Does Your Corporate Structure Affect Business Financing?
Part of the process of creating a legal business entity is choosing your corporate structure, which is how you legally define it to the IRS and to other government organizations. Sometimes, the type of company you run will help to determine which structure you need to use, but in many cases, you can choose your own. For this reason, it’s important to understand how the structure might affect your business financing options.
Corporations often have one of the best shots at getting a range of financing options because it creates a separate business entity that includes you (the founder) as well as a management team. Corporations can get corporate credit cards, which have higher limits than small business credit cards, as well as often receive larger loans overall. Corporations are also eligible for other types of financing that other companies aren’t, such as angel investors. Angel investors provide the money needed for corporate businesses to grow and often does not require any type of repayment plan. Instead, these investors receive a portion of the profits if your business takes off.

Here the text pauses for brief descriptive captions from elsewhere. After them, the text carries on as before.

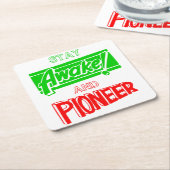 目がさめてい、先駆的滞在 スクエアペーパーコースター (アングル)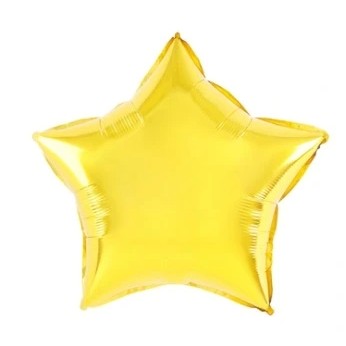 Balon din Folie Metalizata, Figurina Stea, Model Simplu, Tematica Aniversare, 40 cm, Ambalaj Individual, Pai Inclus, Umflare cu Aer sau Heliu, Auriu [1]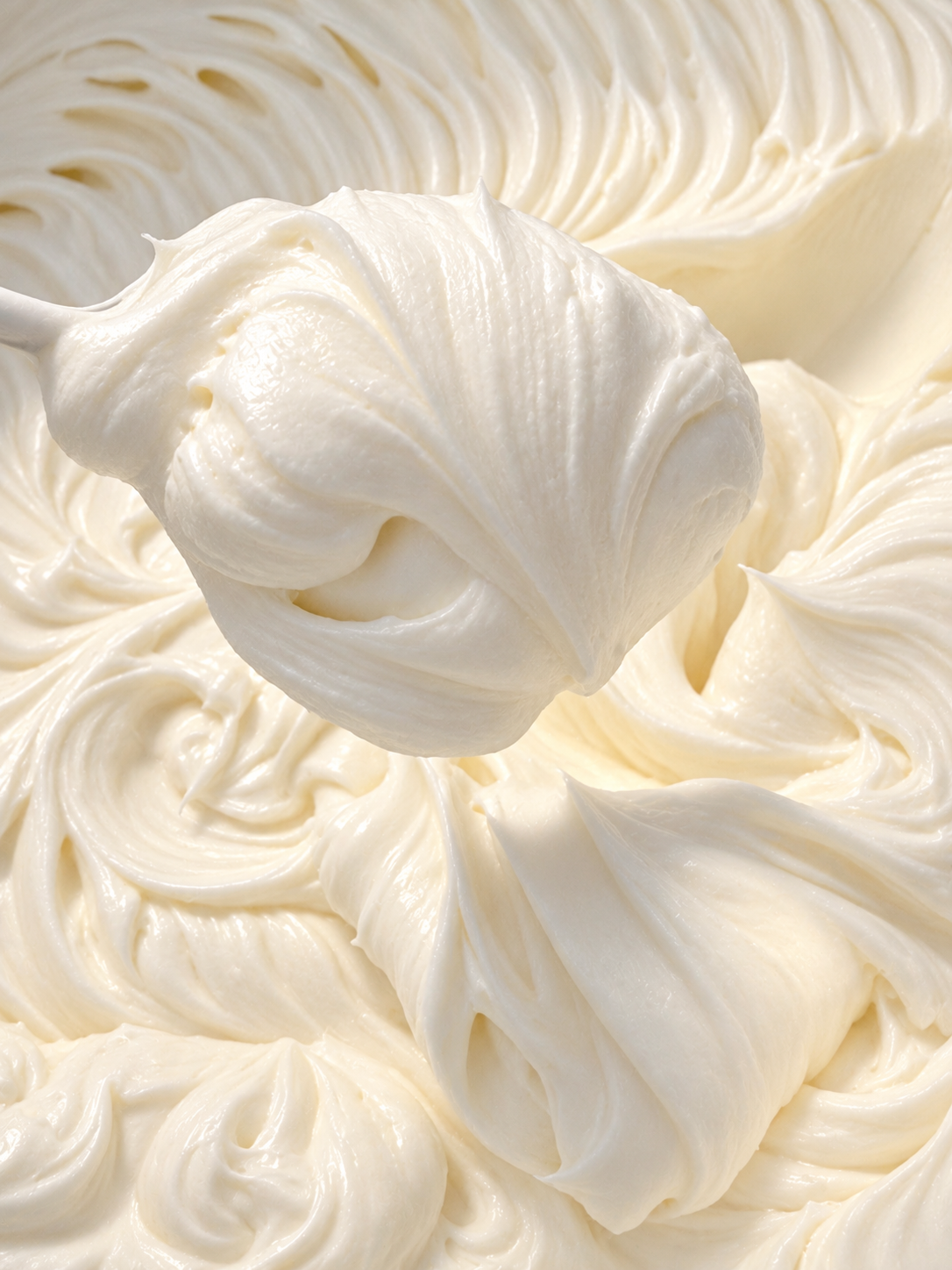 Thick off-white face and body moisturizer cream, smooth swirled texture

If you want to create a business quickly so that you can get your product or services out into the world, the sole proprietorship is the fastest option. However, a sole proprietorship means that you and your business are one and the same, meaning your personal finances are factored into anything legal, anything tax-related and, often, anything having to do with financing. Without good personal credit, you’re less likely to receive lines of credit when operating as a sole proprietor. You may also need to provide personal items, such as a house or car, as collateral.
Limited Liabilities and Partnerships
Although sole proprietorships and corporations are the most options for a corporate structure, they aren’t the only ones. Many people also file as a limited liability company or a partnership. Limited liabilities combine partnerships and corporations and allow you to act alone or partner with other owners. Anyone who is part of an LLC has personal liability protection so that their own assets aren’t used for legal or debt purposes. While many financing options are available, LLCs may not qualify for venture capital options. Financing for partnerships is more flexible and for sole proprietorships but not as vast as for corporations. Partnerships may qualify for loans with a business credit profile, but keep in mind that one partner with low credit may bring down the other partners’ credibility when applying for financing.
Before deciding on a corporate structure, it is important to consider how much financing you’ll need, whether the type of business you own is required to register as a specific entity and whether you want to have business partners. An informed decision is essential for running a successful company.